The task:
When you copy from the entries that follow, take only the lines from the one with "Type modprobe msr" down to the one with "Karachi Harbour is situated", keeping both ends and dropping every picture.

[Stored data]
>>>

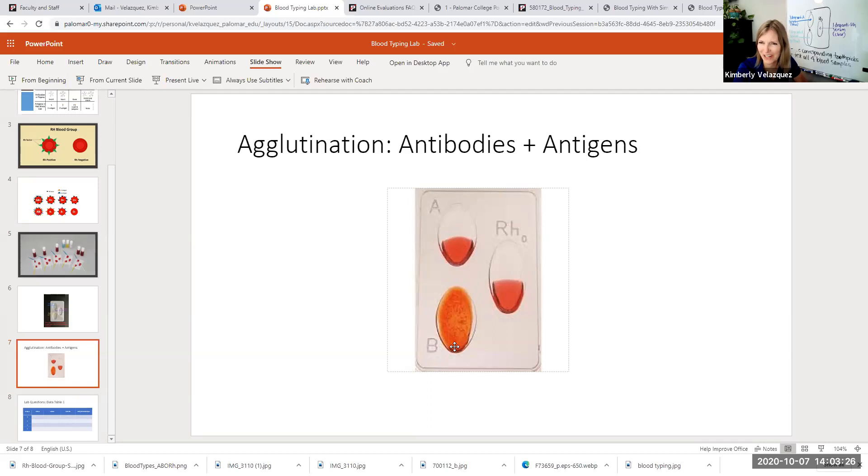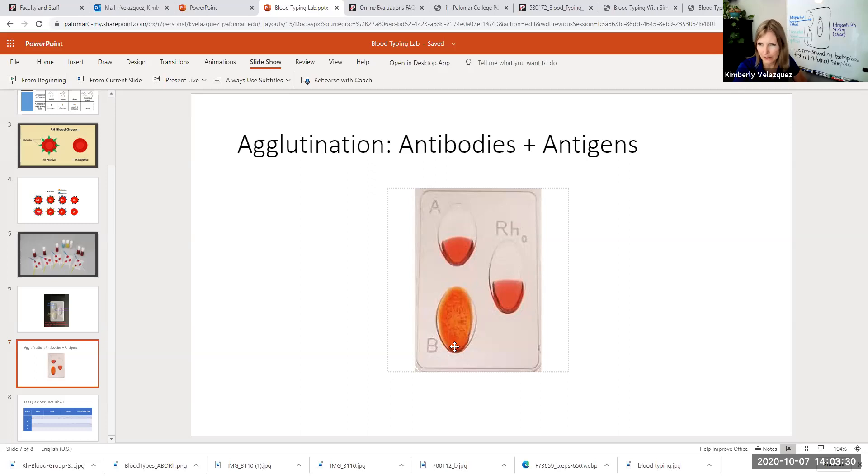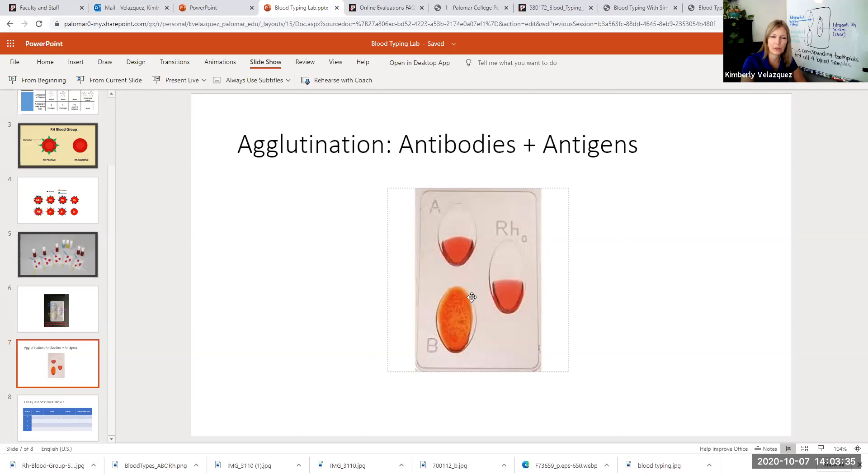That means that the anti-B serum reacted with and bound to a type B antigen.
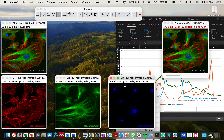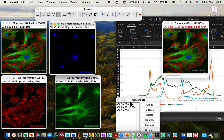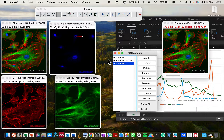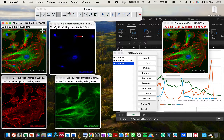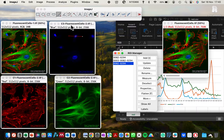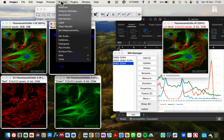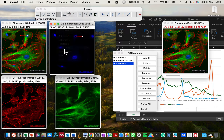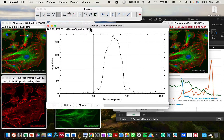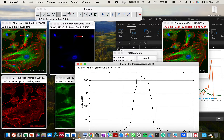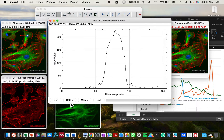Now I'm going to add the region of interest we generated earlier onto each channel image. You can see it marks the correct location on the blue channel image — the same location as on the original image. Now we can generate the profile plot for the blue channel by going to Analyze and selecting 'Plot Profile.' This has generated the plot for the blue channel, and we have the 'Data' and 'More' functions available here.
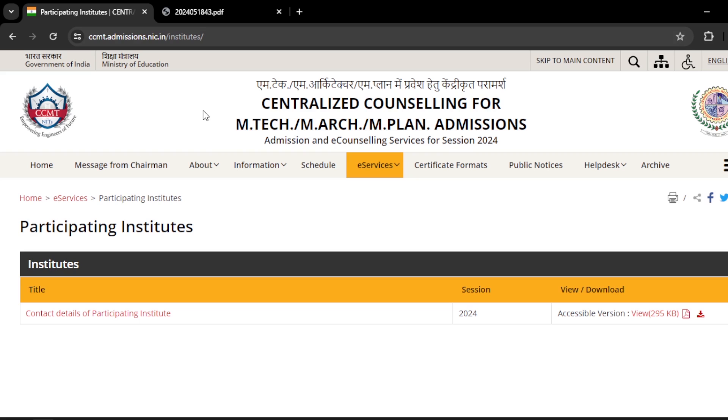Hello everyone, this is Balu. Welcome to my channel CivilCafe. In this video, I am going to discuss about NIT's fee structure.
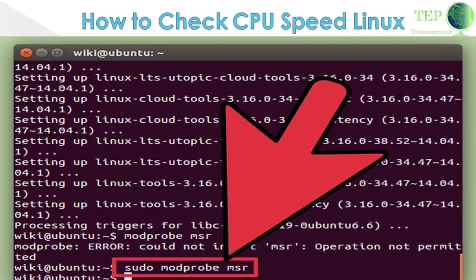Type modprobe msr and press Enter. This will install the msr module that you'll need to run the tool.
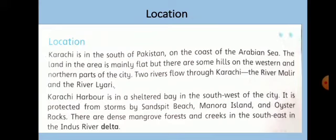Karachi Harbour is situated in a sheltered bay in the south-west of the city. Karachi Harbour is a very important harbour used for fishing — many boats fish there — and also for loading and unloading goods for export and import through ships. The harbour is protected from storms by Sand Spit Beach, Manora Island and Oyster Rocks. There are dense mangrove forests and creeks in the south-east in the Indus River delta.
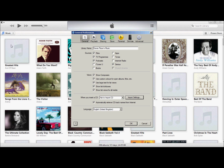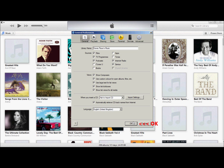You'll see the general preferences. If you go down, you'll see a little unticked box with Internet Radio. This is the one you need, so give it a click. Don't forget to click OK at the bottom.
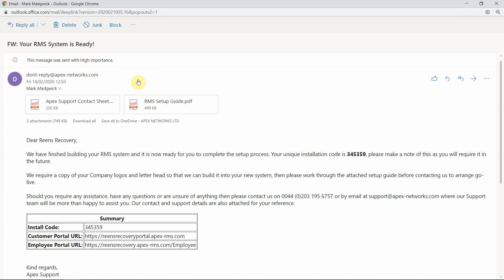In this email, you will find a link to download the APEX web client onto your computer along with an installation code. It's useful to make a note of your six-digit installation code so that when you are prompted to insert the code, you'll have it to hand.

<<<

Solution for this exercise:
Type modprobe msr and press Enter. This will install the msr module that you'll need to run the tool.
Karachi Harbour is situated in a sheltered bay in the south-west of the city. Karachi Harbour is a very important harbour used for fishing — many boats fish there — and also for loading and unloading goods for export and import through ships. The harbour is protected from storms by Sand Spit Beach, Manora Island and Oyster Rocks. There are dense mangrove forests and creeks in the south-east in the Indus River delta.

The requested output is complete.